Upholding stringent standards is part of Thrive Market’s ethos, but as McElwee explains, its effects go beyond the resulting catalog of top-quality healthy groceries. Through encouraging more responsible and sustainable practices in the consumer packaged goods industry, Thrive Market is able to have an impact that’s felt throughout the entire supply chain.

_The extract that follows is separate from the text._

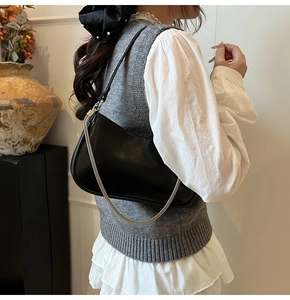Close-up of black crossbody bag with silver chain detail and sleek faux leather finish
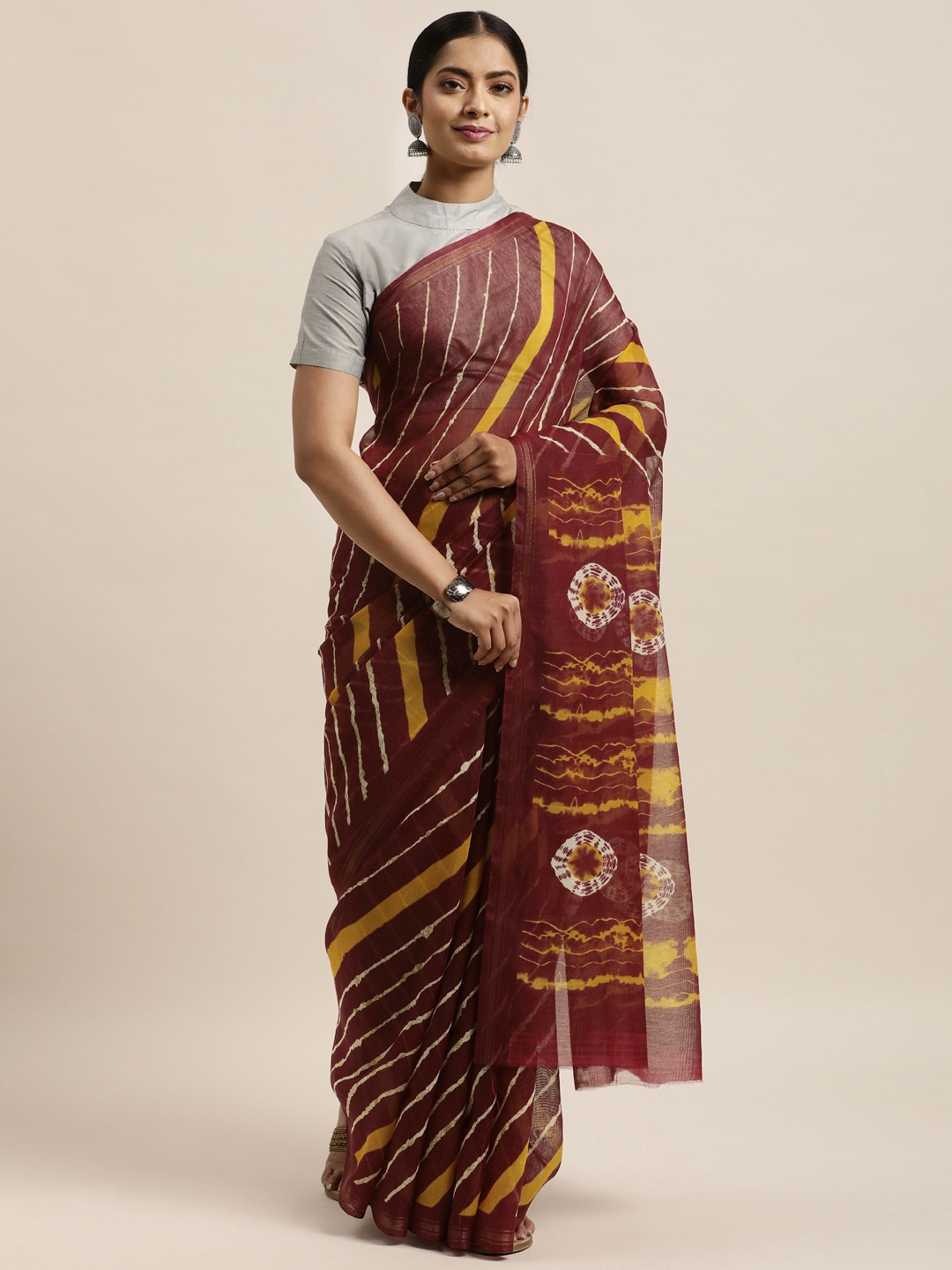 

aamna Maroon & Yellow Leheriya Printed Silk Cotton Ikat Saree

“I say to our Merchandising team, that one email you sent, that one phone call with a brand, had a ripple effect that changed how someone’s paid, how their family eats, if they’re exposed to more chemicals, what’s happening to their health and the Earth,” McElwee reflects.
Fear-mongering is notably absent from McElwee’s philosophy on ingredient safety; his perspective is clear-eyed and refreshingly optimistic about our collective power to be a force for positive change. Though he says it’s not 100% certain these dubious ingredients are to blame for some of the health issues on the rise in the U.S., “why take the chance? I view it the same way with climate change. Why not move to regenerative agriculture, when you can draw down carbon, make the Earth healthier, create biodiversity all while improving crop yields…why would you not do this?”